Students in a classroom listening to a presentation
Students in a classroom listening to a presentation

Languages don’t need to be visual. Include these best practices in your language programs to ensure access to blind or visually impaired students.

Most language course work focuses on visual input as the main tool for teaching language. Students practice vocabulary by identifying pictures in the target language. Cultural curriculum focuses on the visual arts or landscapes. Exams ask students to match categories in corresponding lists.

Blind or visually impaired people benefit from language study in the same way as sighted students, but there are some key differences in the way that they learn. A multisensory approach to language teaching can help shift to a more inclusive environment.

  • Classroom activities that include physical artifacts or music enable students to take in the language with their other senses.
  • Descriptions of pictures in the student’s original language assists with activities in which they must recognize vocabulary in the target language.
  • Division of the students into groups of two or three for textbook activities can also facilitate participation, ensuring student can contribute, such as by taking notes or reporting to the class on their group’s answers.

If the student excels at language, consider putting them with a group of students who are interested but struggling, so that they can trade their language skills for their peers’ ability to read the print.

For situations in which the target language involves a non-Romanized writing system, teachers and students have different options:

  • Use a draftsman’s board or styrofoam blocks to write out important characters tactilely.
  • Allow the student to use alternative systems like Pinyin, which writes out words phonetically as they sound rather than learning characters.
  • Offer multiple-choice options on exams for the student to demonstrate what they have learned.
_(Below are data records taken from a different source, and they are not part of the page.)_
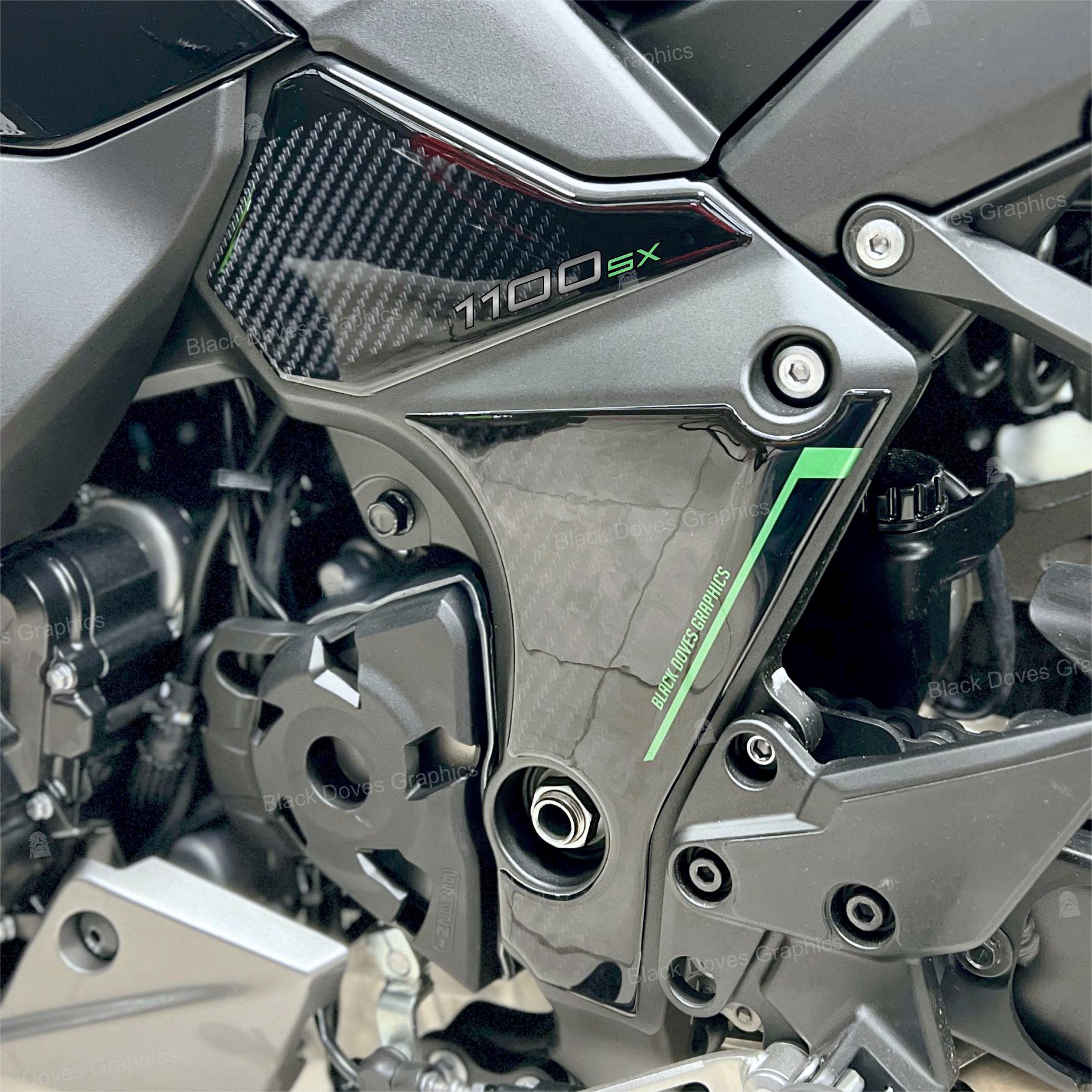 Autocollants De Protection Résine 3D Pour Kawasaki Ninja 1100 SX 2025 - Couleur Metallic Matte Graphenesteel Gray/Diablo Black - 11
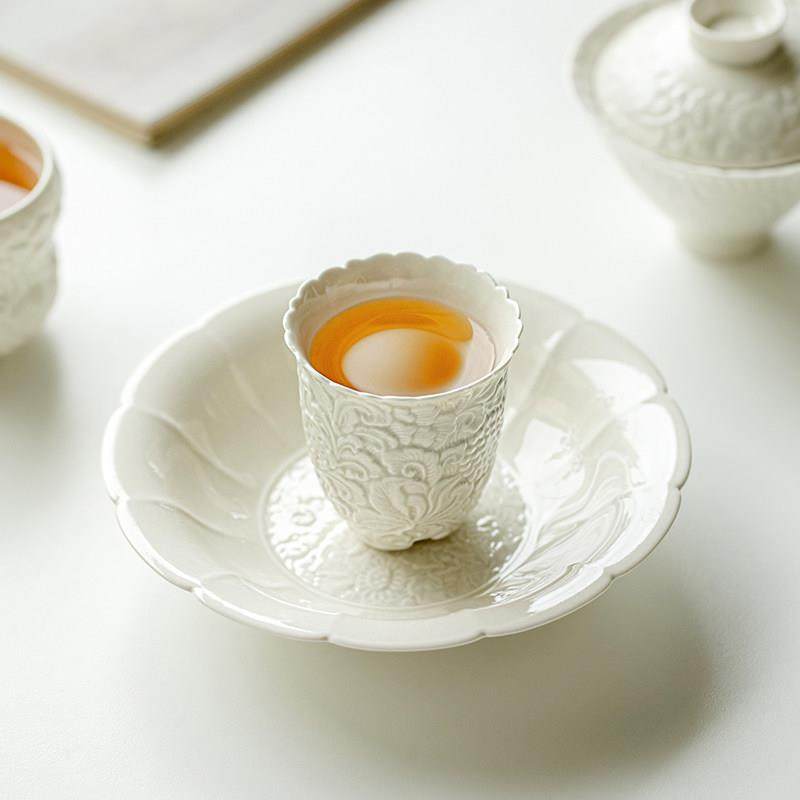 拓土草木灰家用陶瓷茶承茶点盘创意盖碗茶壶垫雕花缠枝莲花瓣壶承,淘宝优惠券,粉丝福利购,淘宝优惠卷
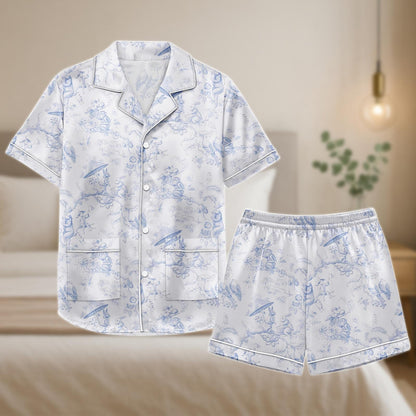 Oriental Toile Satin Pajama Set, Umbrella Fan Scene Print Shorts and Shirt, Blue Line Art Sleepwear, Lightweight Lounge Gift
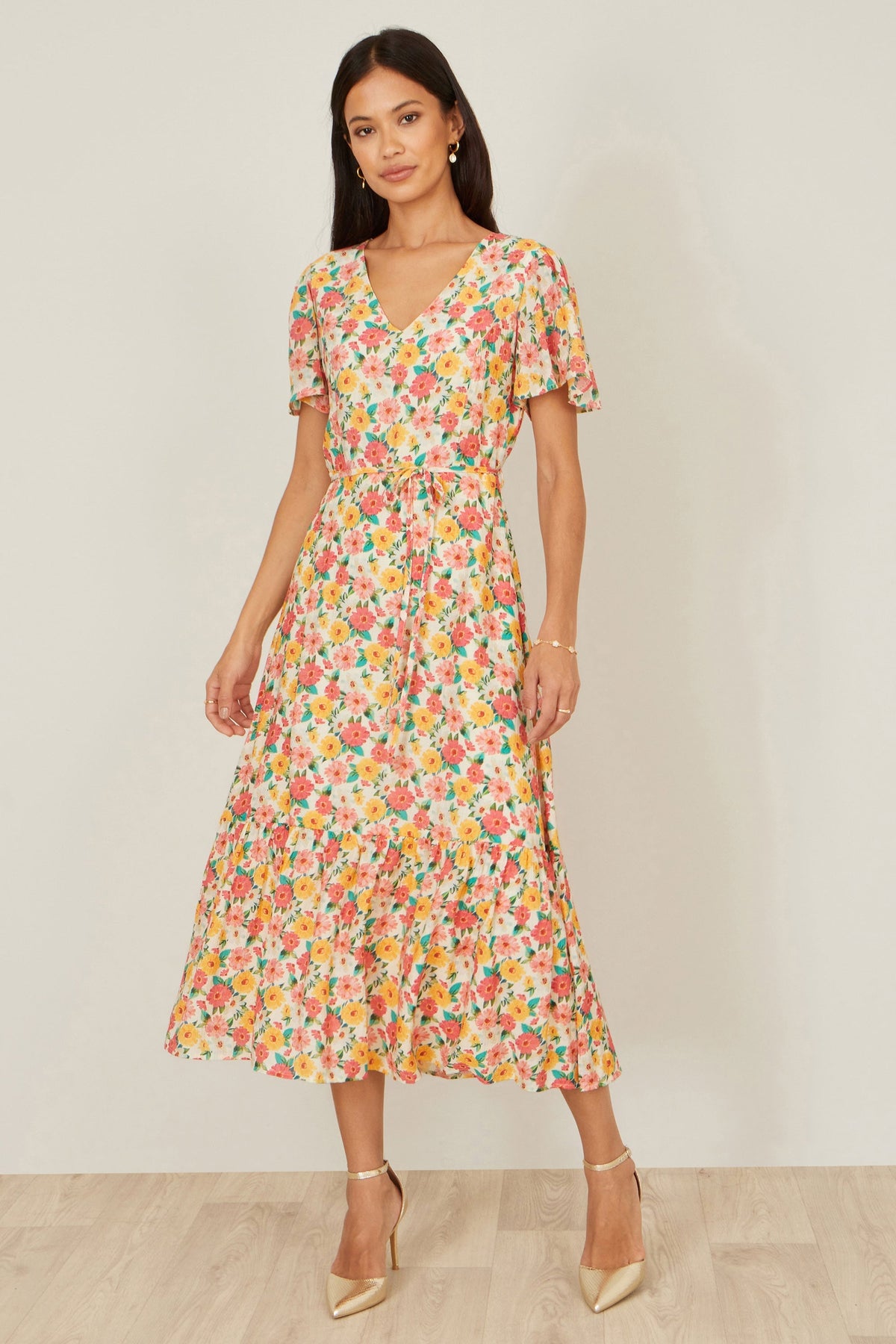 The Angel Sleeve – Floral Midi Tea Dress - Bascora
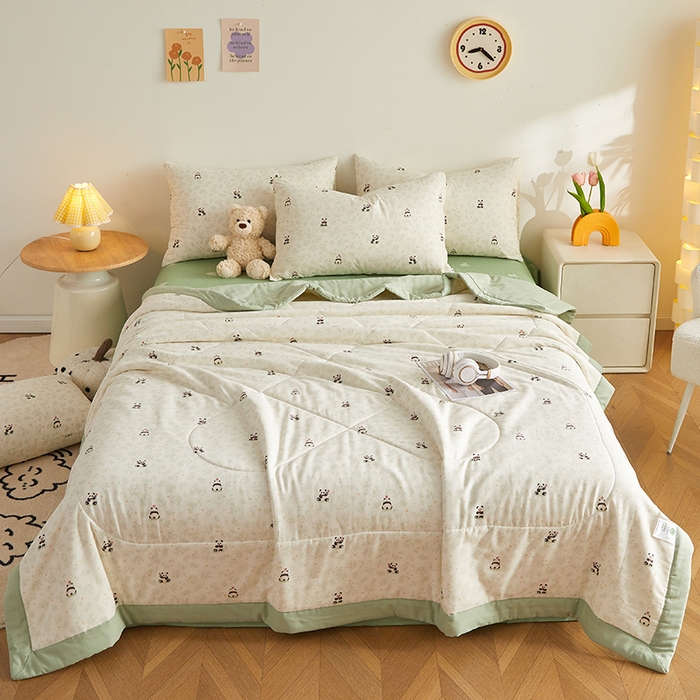 91家纺网 家纺一手货源 找家纺 海洋家纺 2026新款全棉双层纱夏被被子被芯 福宝熊猫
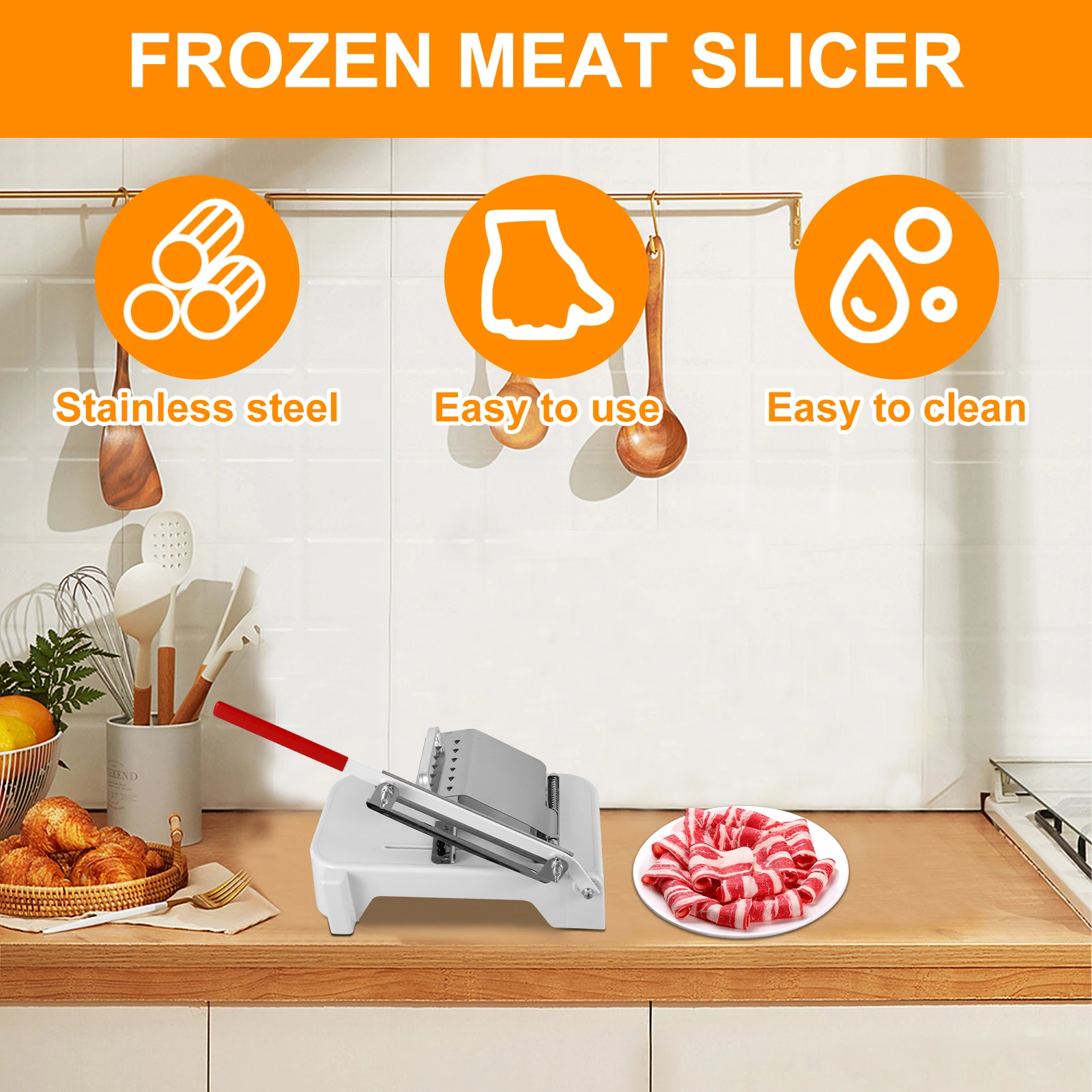 Stainless Steel Frozen Meat Slicer Adjustable Thickness Meat Cutter Enduring Beef Roll Cutting Slicing Machine Easy Use Easy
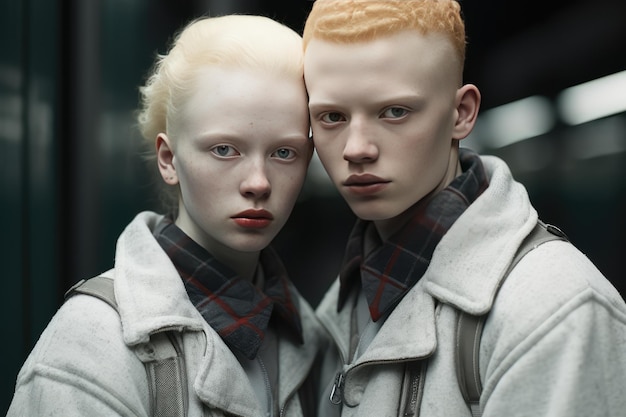 Zdjęcie dwóch smutnych albinosów opierających się o siebie głowami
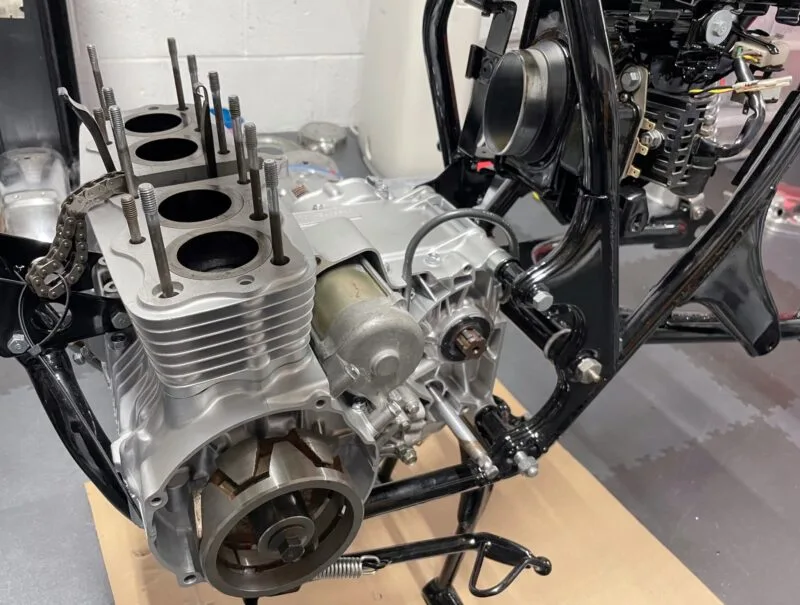 The bottom end of the Honda CB350F was installed in the frame first for ease of handling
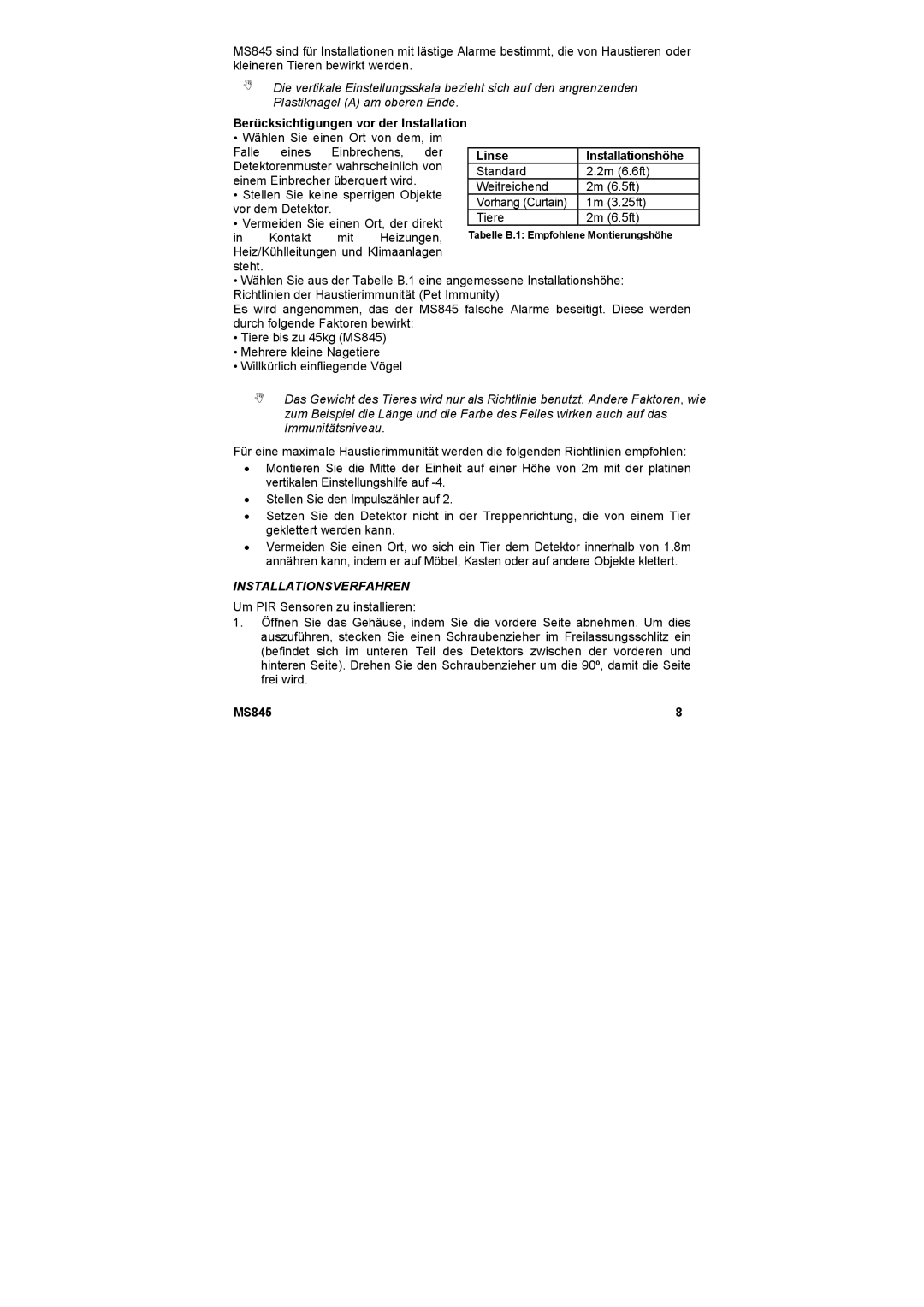 Marmitek MS845 user manual Linse Installationshöhe, Installationsverfahren 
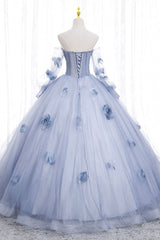 Party Dresses With Boots, Blue Tulle Long Sleeves Formal Dress with Flowers, Blue A-Line Prom Dress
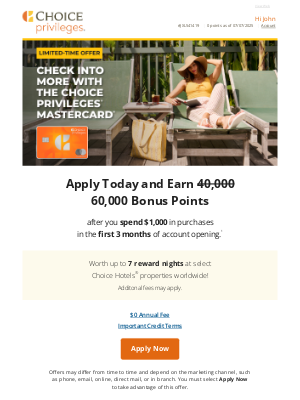 Choice Hotels - Your Reminder 🔔 60,000 Points Could Be Yours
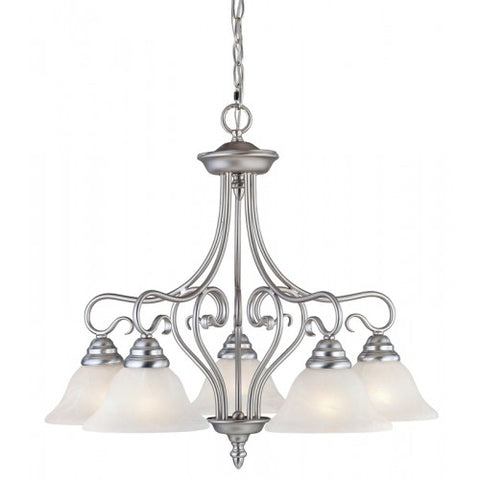 Livex Lighting Coronado 5 Light Brushed Nickel Chandelier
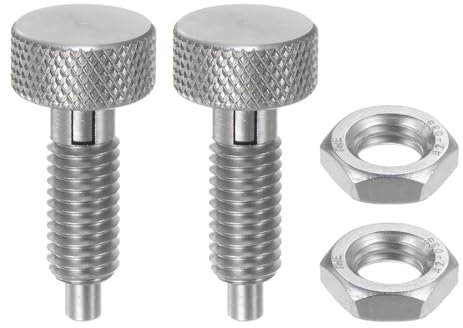 QUARKZMAN 2Pcs Goupille à Ressort avec Poignée Cannelée, Taille de Filetage M8, Goupille de Positionnement Rétractable en Acier Inoxydable Sans Verrouillage pour Équipement Industriel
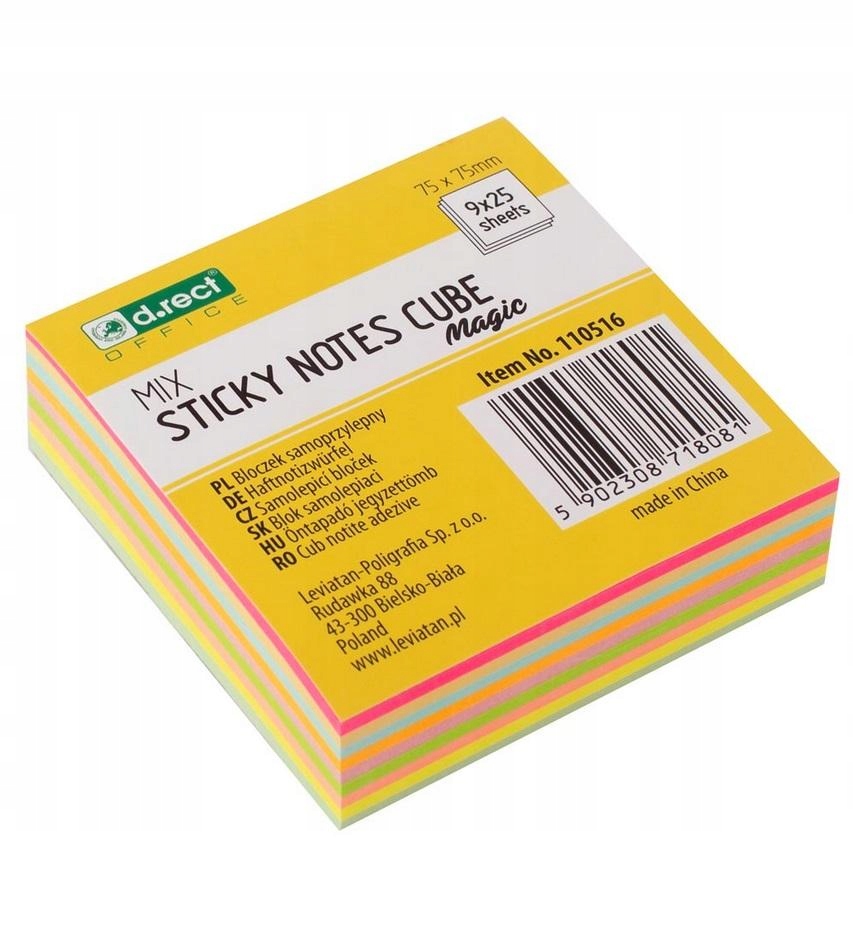 NOTES SAMOPRZYLEPNY 75X75MM MAGIC D.RECT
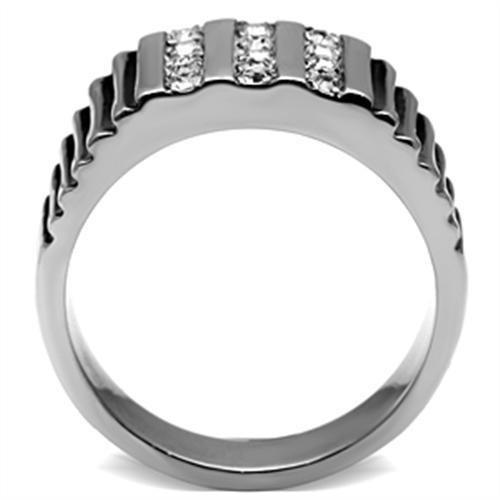 TK364 High Polished Stainless Steel Ring featuring a clear top grade crystal, showcasing its elegant design and shiny finish.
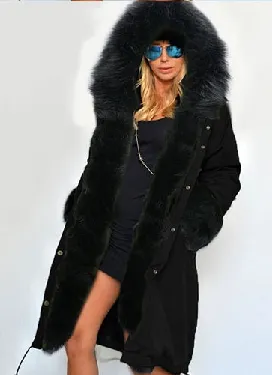 Clearance Zipper Hooded Faux Fur Cuff Long Cotton Coat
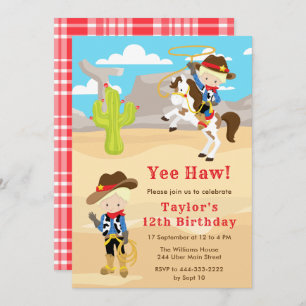 Invitation Fête d'anniversaire de Blonde Hair Cowboy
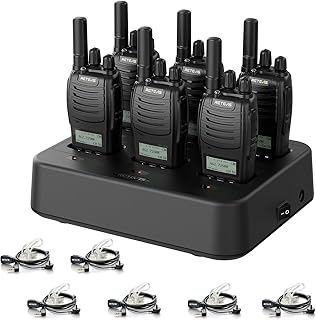 Retevis H777D Long Range Walkie Talkies with Earpiece LCD Screen(6 Pack) | for Hotel, Church, Retail, with 6 Way Gang Charger, Portable, Handsfree, Clear Audio,USB-C ,License Free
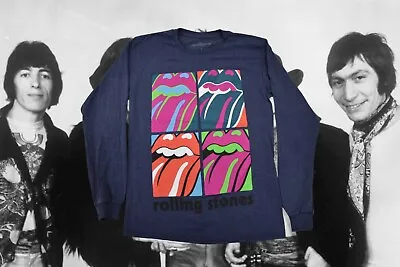 The Rolling Stones Mens 4 Tongues Tongue Logo Long Sleeve Shirt New S-3XL • $9.99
Students who need textbooks in alternative formats, such as digital, large print, or braille, sometimes don’t get their materials completed on time due to factors outside their control. Language textbooks often involve fill-in-the-blank activities and photographs, which take extra time for digitalization or transcription into braille. Alternative media specialists rarely speak the target language, so they are unable to check for errors. Braille readers often don’t receive their materials with the correct diacritical marks.

Developers of online resources often don’t make the effort to ensure that their materials are Web Content Accessibility Guidelines (WCAG) compliant. This means that blind and visually impaired students have trouble accessing accompanying digital materials.

Teachers and language programs need to remain open to student requests for reasonable accommodations or adjustments, while understanding that changes will sometimes be made at the last minute. Keep an open mind to the creative solutions developed with the student’s input and check with colleagues to see what solutions they have used. Language is an entryway into so many facets of life and the key is making sure the doors remain unlocked.